The other project on the list is up insulating the walls. This one is a bear, remove sheetrock, furr out the wall thicker, insulate and re install sheetrock. We may never get the whole house done, but would like to do at least the bedrooms. Possibly this spring. I also need to put a roof on the house, we got hail last summer. That part of owning this house will definitely suck. :roll:

The big hole in my house is the dog door. A kid could drive a trike through it. Part of the new wall, where the window is, has a second dog door under the window. So now cold air, flies etc have to make it through two dog doors.

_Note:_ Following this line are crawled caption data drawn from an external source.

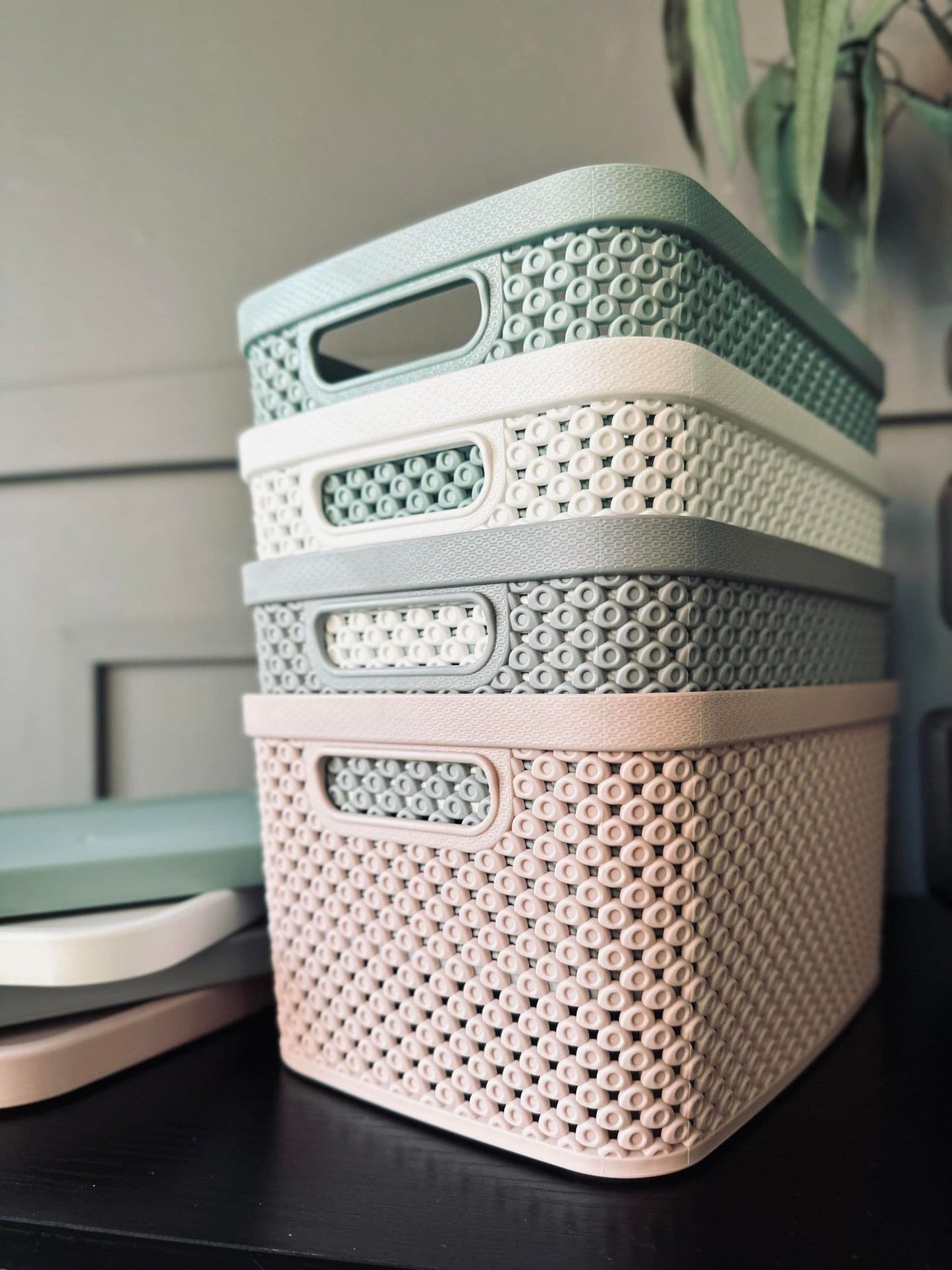 Opbevaringskasse med låg - Small grå - VIAMAJA.DK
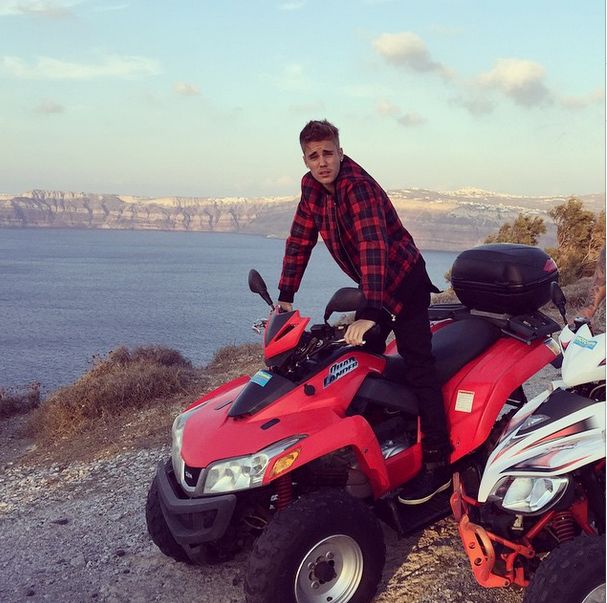 Justin Bieber postawiony w bardzo trudnej sytuacji Justin Bieber postawiony w bardzo trudnej sytuacji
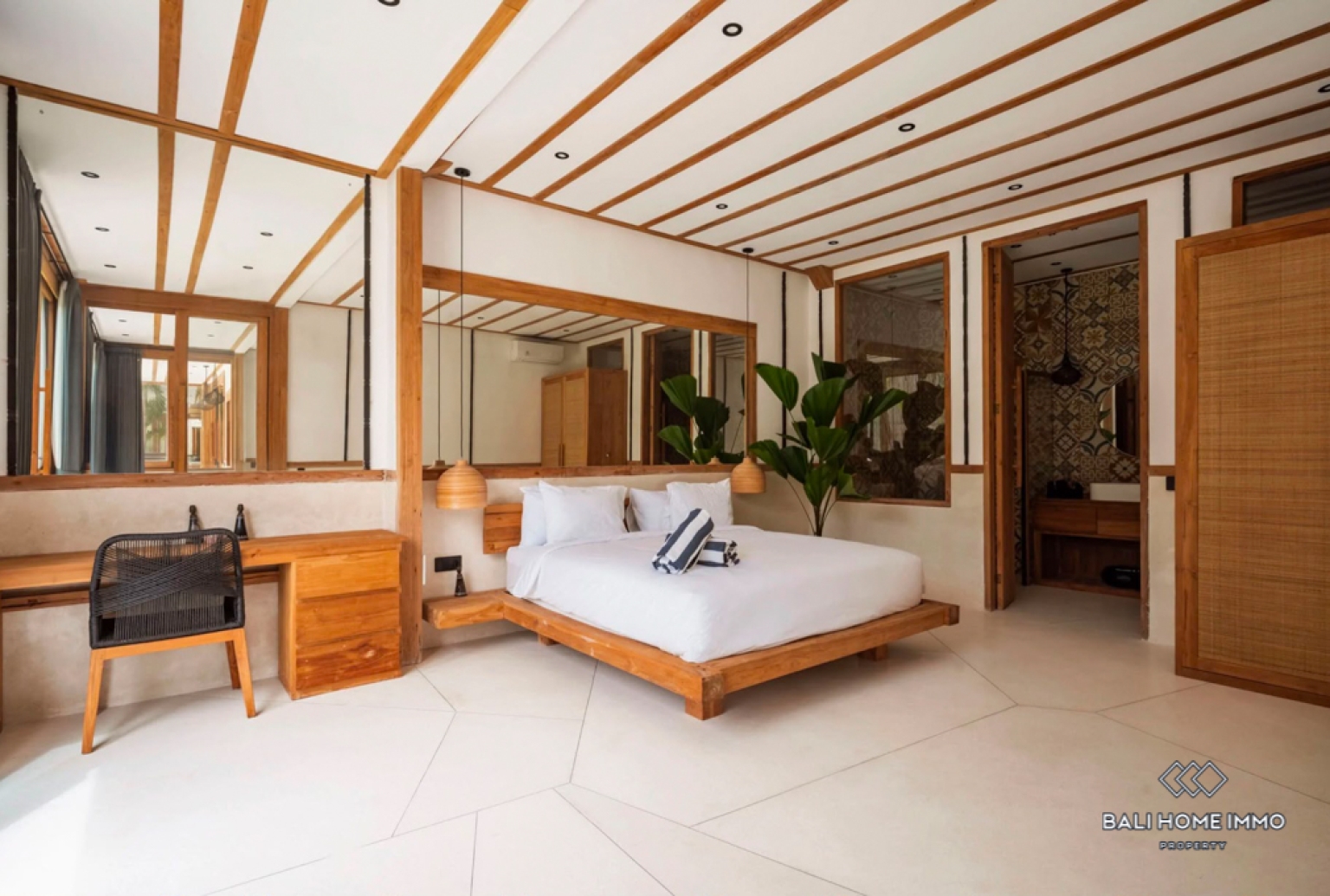Stunning 5 Bedroom Villa for Sale and Rent in Bali Umalas view 11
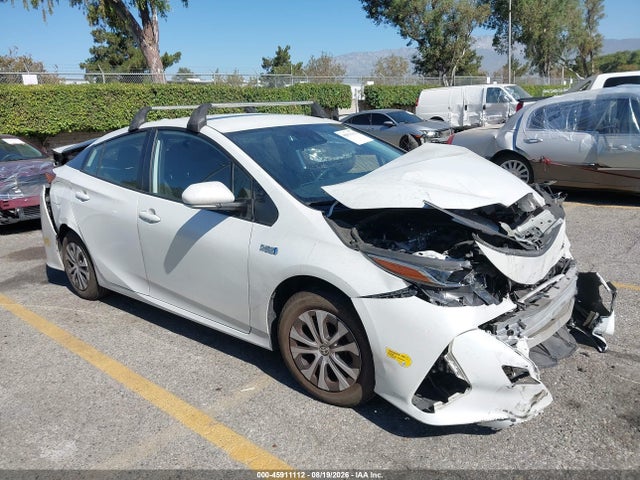 2022 TOYOTA PRIUS XLE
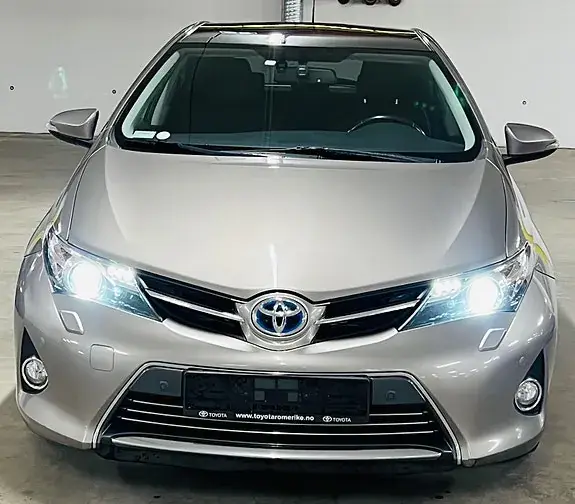 Toyota Auris 2013 photo 5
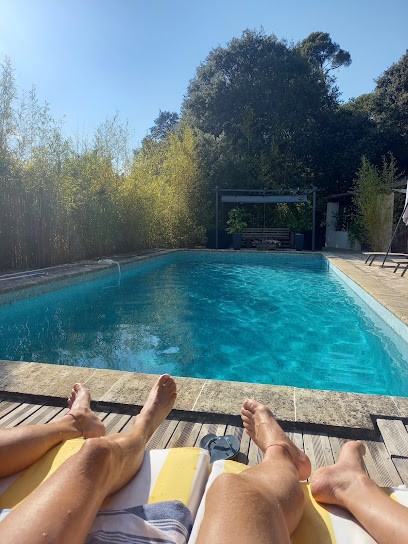 Chambre D'hotes Les 3 Saisons, Location de Vacances à Cucuron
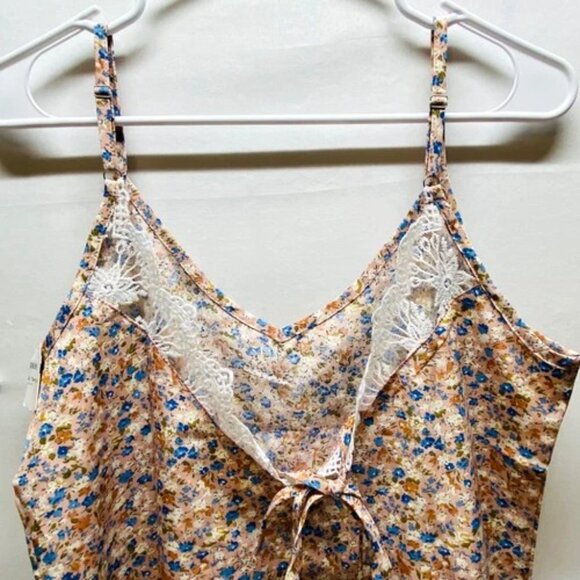 Boho Barn Cami Tank Top Women's Small Floral Lace Spaghetti Strap Western NWT - Picture 2 of 8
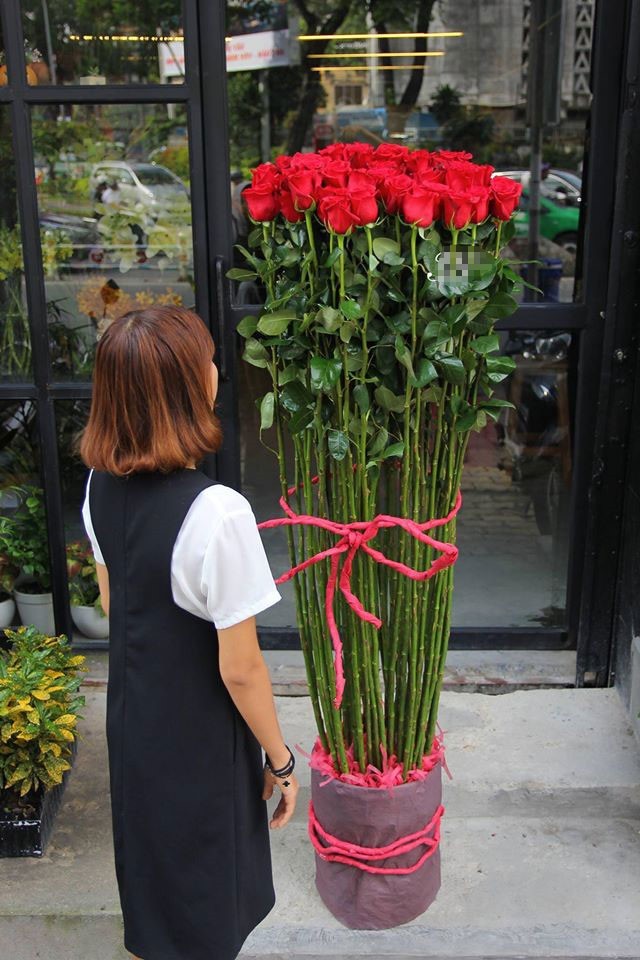 Hoa hồng giá nửa triệu cao hơn người cháy hàng dịp Valentine ảnh 1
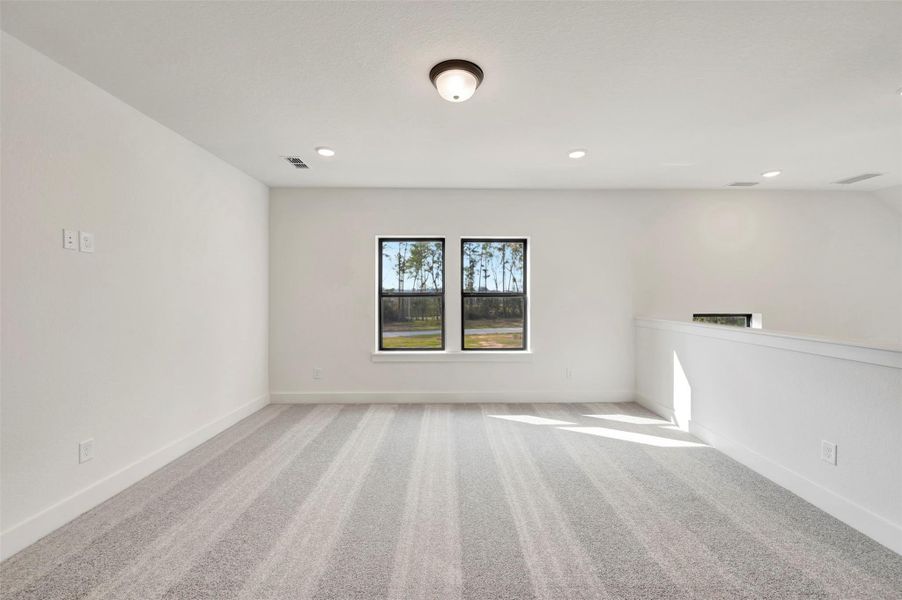 Spacious, unfurnished interior of a new home in ARTAVIA 50' Homesites, Conroe (Image 22).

At night, I close a door to seal off the dog doors but in daytime the dogs have the door open in all weather.
 
Hehe the passive houses I'm working on on the job use less than 500$ a year on heating :p Okay we never have -20C more like +3 to -5C in the winter and a average yearly temp of 8C.
 
Dogman, if you've pondered some type of heat storage, consider a hybrid masonry/water-drum mass.

There may occasionally be cold but sunny days where you've added as much Trombe wall as you physically can, and after a few hours the interior of the house gets so hot that you have to crack a window and shade some of the collectors. Later that night when your house cools off, you'll wonder if there's a cheap way to store some of that heat that you turned away.

Water drums hold 5 times the BTU's as a masonry stack (cinder-blocks?) but masonry absorbs heat faster. Circulate the hot air from the collectors into the top of an insulated containment. Have the air flow past the upper half which is filled with water drums, then the air makes a U-turn and flows through the bottom half, which is filled with a dry stack of masonry.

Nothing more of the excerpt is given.